▶ _What is being asked_: Everything in the records below from the line containing "(PTI) People, whose" through the line containing "Adam el Your" is to be reproduced exactly, those two lines included; no picture is to be copied.

▶ _Provided data_:
☆ ☆ ☆ ☆ ☆
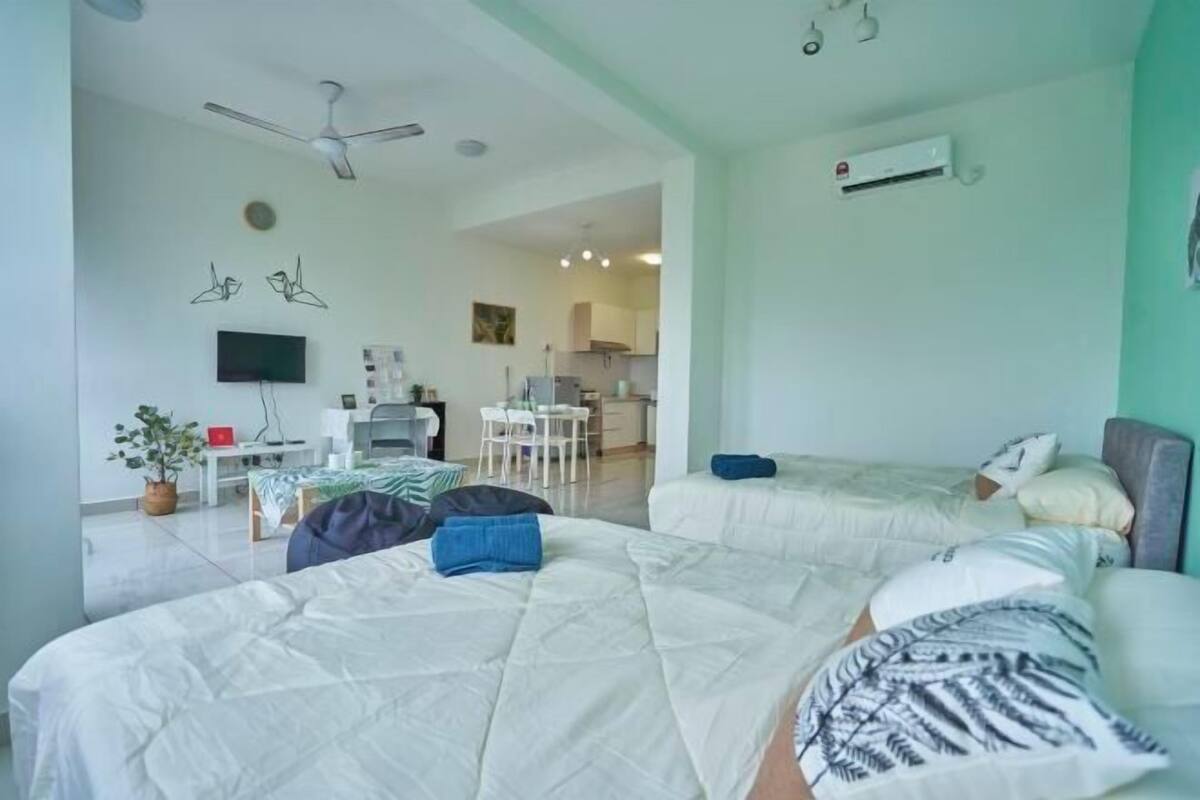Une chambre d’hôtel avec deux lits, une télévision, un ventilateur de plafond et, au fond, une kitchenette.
☆ ☆ ☆ ☆ ☆
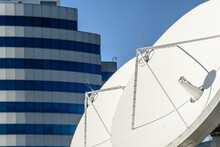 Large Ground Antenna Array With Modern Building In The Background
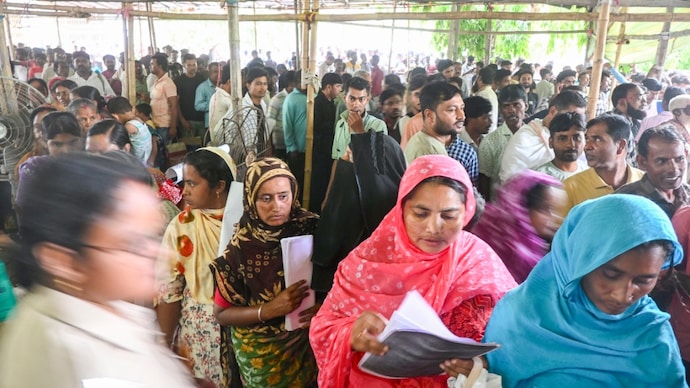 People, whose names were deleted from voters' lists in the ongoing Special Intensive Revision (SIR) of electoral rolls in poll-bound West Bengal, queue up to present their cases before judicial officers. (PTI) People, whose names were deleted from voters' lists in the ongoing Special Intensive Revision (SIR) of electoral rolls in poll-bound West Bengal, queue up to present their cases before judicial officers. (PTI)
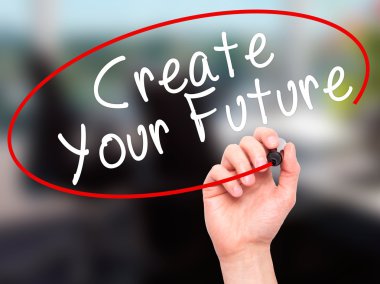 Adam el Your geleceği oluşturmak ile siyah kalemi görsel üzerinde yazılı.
☆ ☆ ☆ ☆ ☆
▶ _Answer box_:
 People, whose names were deleted from voters' lists in the ongoing Special Intensive Revision (SIR) of electoral rolls in poll-bound West Bengal, queue up to present their cases before judicial officers. (PTI) People, whose names were deleted from voters' lists in the ongoing Special Intensive Revision (SIR) of electoral rolls in poll-bound West Bengal, queue up to present their cases before judicial officers. (PTI)
 Adam el Your geleceği oluşturmak ile siyah kalemi görsel üzerinde yazılı.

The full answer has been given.